Tampak hadir di lokasi, Hakim Pengadilan Negeri (PN) Pekanbaru, Jonson Parancis, S.H., MH, perwakilan Badan Pertanahan Nasional (BPN), Dinas PUPR Kota Pekanbaru, penggugat (Rohadi Cs), tergugat (Hasni), Anggota Komisi IV DPRD Pekanbaru, Zulkardi, Komisi I DPRD Pekanbaru, Robin Eduar, Wan Agusti, para aktivis, masyarakat, dan pihak lainnya.
Pantauan awak media, Hakim PN Pekanbaru, Jonson Parancis, S.H., M.H mempertanyakan batas lokasi tanah/lahan yang menjadi objek sengketa kepada pihak penggugat. Namun, pihak penggugat belum bisa menunjukkan patok atau batas tanah yang kini menjadi sengketa di Pengadilan Negeri Pekanbaru.
"Gimana cara ngukurnya. Saya ini bukan tukang ngukur. Kami ini melihat mana ukuran dan batas tanahnya. Kalau gak ada tukang ukur, nanti siapkan tukang ukurnya, tunjukkan mana patoknya, jangan main ngomong. Mana patoknya, kearah mana, cara mengukurnya gimana, harusnya begitu", pungkas Jonson Parancis.
Ia menyebutkan, "Pihak penggugat belum bisa menunjukkan batas tanah yang menjadi sengketa. Jadi tidak bisa kita laksanakan hari ini. Nanti diulangi lagi, 2 (dua) minggu lagi yaa," ungkapnya di lokasi sidang lapangan.
Sementara itu, Anggota DPRD Pekanbaru, Zulkardi, menyampaikan bahwa ia hadir di lokasi untuk memberikan dukungan dan support kepada ibu Hasni yang merupakan warganya di daerah pemilihan (Dapil) Rumbai Barat.

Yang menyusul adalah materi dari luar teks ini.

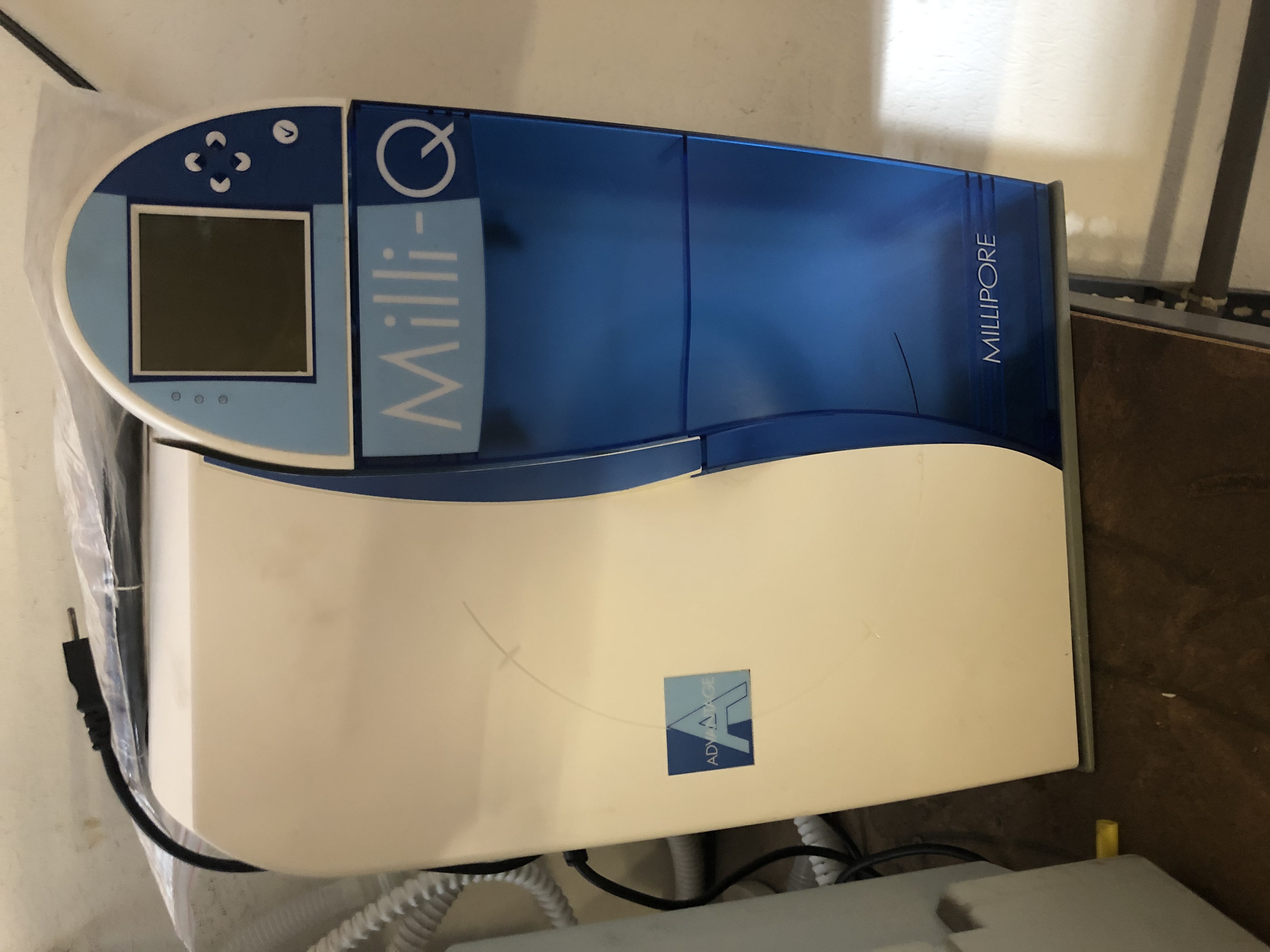 Z00Q0V0T0-USED - Millipore Milli-Q Advantage A10 Water Purification System Z00Q0V0T0-USED - Millipore Milli-Q Advantage A10 Water Purification System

Ia menjelaskan kepada awak media, "Perkara ini diada-adakan, sehingga berperkara. Dari proses awal saja sudah cacat prosedural, dan ini akan kita buka saat konferensi pers DPRD Kota Pekanbaru terkait data-data fiktif yang diajukan ke pengadilan (konsinyasi)," ujar Zulkardi.
Ditambahkannya, "Kita lihat tadi di sidang lapangan, penggugat tidak tahu dimana lokasinya, tidak membawa data, dan akhirnya sidang ditunda dua Minggu. Tentu ini menjadi catatan kita sebagai anggota DPRD Pekanbaru. Ini sangat menzalimi Nenek Hasni. Kita minta keadilan itu ditegakkan, agar Bu Hasni benar-benar mendapatkan keadilan," tegas Zulkardi.
Sementara untuk langkah hukum kedepan, Zulkardi menyebutkan, "DPRD Pekanbaru memberi pendampingan hukum untuk membawa kasus ini ke ranah pidana. Insya Allah, Senin besok, Ibu Hasni dipanggil ke Polda Riau. Kita kawal bersama Ibu Hasni, dan kita buka data-data palsu tadi," beber Zulkardi sembari memperlihatkan data-data yang diduga palsu.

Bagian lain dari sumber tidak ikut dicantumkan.